问完,许唐成又觉得自己的问题大概是有些多余。
“算了,你先回去吧,外面怪冷的。他马上学会了,我再教他一会儿,待会儿去找你。”
找他?
尽管迷茫,易辙还是本能地遵从许唐成的吩咐,扶住车把,准备离开。
还没想明白这句“去找你”是什么个意思,一旁的小男孩突然说:“唐成哥哥,这个哥哥的车子好看。”
小男孩看了看易辙,又眨着眼问许唐成:“等我学会了,可以骑这辆么?”
“哥哥的车子太高了,你骑不了,这辆你都要够不着了。”话说一半,许唐成忽然发现了什么,惊奇了一声,“嗯?你换自行车了?”
新自行车的车闸比之前的要紧,易辙乱捏闸的频率降低了不少。手上突然用了更大的力气,但还是假装镇定地,点了点头。
许唐成打量了一圈:“我怎么觉得和之前的差别不大。”
也是红色,也是山地车。外形基本没什么差别,只是车梁变成了平的。
“之前的怎么了?”许唐成奇怪。
易辙停了停,低声说:“不好骑了。”
第十五章
易辙匆忙回了家。
家里还是他离开前的糟糕样子,向西荑果然已经出去了。易辙朝她没有关门的卧室瞟了一眼,那只大大的黑色行李箱被带走了。
那就应该很久才回来了。这样想着,易辙松了一口气。想到过一会儿许唐成可能要来,他拿了扫把和簸箕,准备将凌乱不堪的地面清理一下,但刚刚动作开来,却闻到一股怪怪的味道。
停下来,蹙眉细闻,终于找到了气味的来源——或许是因为在外面逛了太久,身上都沾了鞭炮烟花的火硝味。
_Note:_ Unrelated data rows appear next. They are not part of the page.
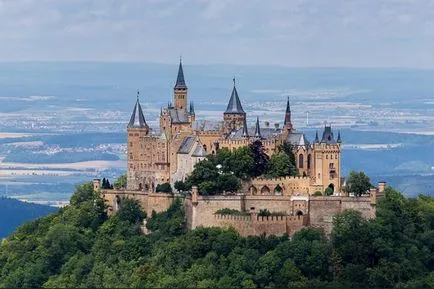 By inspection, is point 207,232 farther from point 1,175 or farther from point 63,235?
point 1,175

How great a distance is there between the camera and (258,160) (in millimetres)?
75188

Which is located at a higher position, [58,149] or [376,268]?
[58,149]

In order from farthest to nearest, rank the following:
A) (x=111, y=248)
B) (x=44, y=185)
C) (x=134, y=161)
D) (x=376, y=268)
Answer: (x=44, y=185)
(x=134, y=161)
(x=111, y=248)
(x=376, y=268)

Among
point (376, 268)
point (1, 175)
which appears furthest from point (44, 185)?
point (376, 268)

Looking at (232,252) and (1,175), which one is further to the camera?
(1,175)

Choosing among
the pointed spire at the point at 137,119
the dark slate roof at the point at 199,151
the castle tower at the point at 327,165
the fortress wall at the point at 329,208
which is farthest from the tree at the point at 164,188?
the fortress wall at the point at 329,208

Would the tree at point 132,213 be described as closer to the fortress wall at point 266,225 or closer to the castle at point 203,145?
the castle at point 203,145

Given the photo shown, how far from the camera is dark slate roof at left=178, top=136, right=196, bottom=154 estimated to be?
7700 cm

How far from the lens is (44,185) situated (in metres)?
163

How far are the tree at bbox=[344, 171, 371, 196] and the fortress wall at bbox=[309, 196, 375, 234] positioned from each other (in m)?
1.68

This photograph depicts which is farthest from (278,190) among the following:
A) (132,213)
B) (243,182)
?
(132,213)

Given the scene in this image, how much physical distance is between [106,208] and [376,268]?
47.2 ft

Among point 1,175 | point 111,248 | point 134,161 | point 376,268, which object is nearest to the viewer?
point 376,268

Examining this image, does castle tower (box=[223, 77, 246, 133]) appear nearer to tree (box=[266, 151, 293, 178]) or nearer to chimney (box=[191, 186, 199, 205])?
tree (box=[266, 151, 293, 178]) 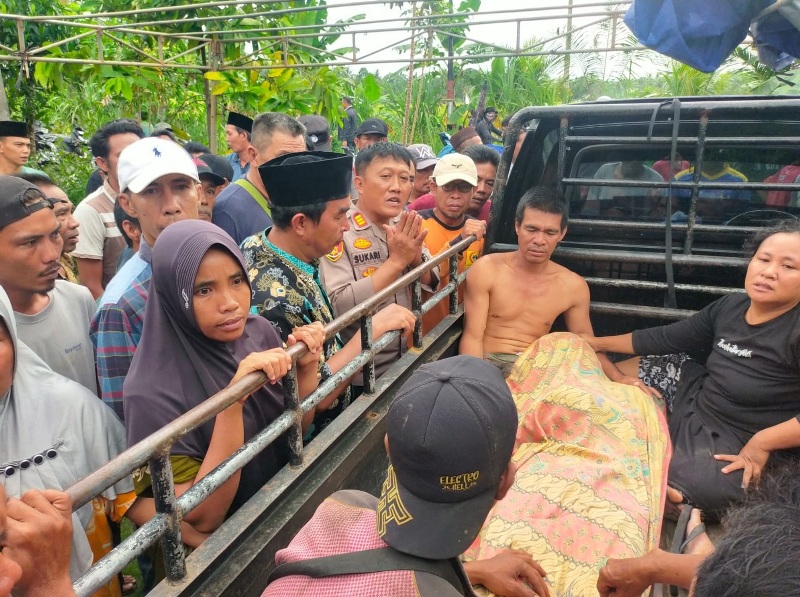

火硝味,在易辙的概念里,就等于春节的味道。这样的认知让易辙一瞬间变得烦躁,猛地,他朝地上踢了一脚。鞋子踹到了地上的碎瓷片,瓷片快速超前滑动,又撞倒了立在那里的簸箕。一连串没规则的声响,像是嫌易辙不够烦乱,上赶着,都凑着热闹,要到他的脑袋里敲上一下。
易辙咬着下唇,盯住屋子角落的一个点,试图让自己重新平静下来。
但视线所及处,一副手套,躺在一滩已经干涸的咖啡渍里。
很久的静立之后,易辙跨过地上的重重糟乱,走到方才目光停留的地方,弯腰捡起了那副手套。
火硝味还在往他的鼻子里钻,甚至好像还混了一点咖啡味。易辙攥着变得脏兮兮的手套,突然想到了那天许唐成将他送给自己时的样子。
只这样一想,就突然沮丧到了放弃的程度。
他扔了扫把,走到窗边,去看楼底的人。
许唐成还在教那个小孩子,小男孩该是学得差不多了,已经在自己骑着往前走。许唐成在后面追着,嘴里嚷着“我松手了”,手却始终虚架在后座的上方。
车把扭了扭,小男孩慌张地喊了一声,许唐成立马两只手扶住车,没让他摔倒。
易辙静静垂眸看了一会儿,掏出一包烟,点了一支。
家里的门被敲响时,易辙还是没能把狼藉的地面收拾好。他把手套放进抽屉,阖上,走出去开了门。他还穿着黑色的羽绒服,打开门后立在门口,他没有看许唐成,而是垂着头,一直看着地面。
“家里有点乱,我还没来得及收拾。”
门外的许唐成立即明白了易辙为何会是这样低落的表现。他笑笑,迈开腿进了屋,缩了缩藏在袖子里的手:“今天外面怪冷的。”
易辙关上门,默不作声地走到一边,把饮水机打开。
“我给你烧点热水喝。”
饮水机的红色小灯亮起来,他才反应过来,水烧开要还一阵子,而许唐成应该并不会待那么久。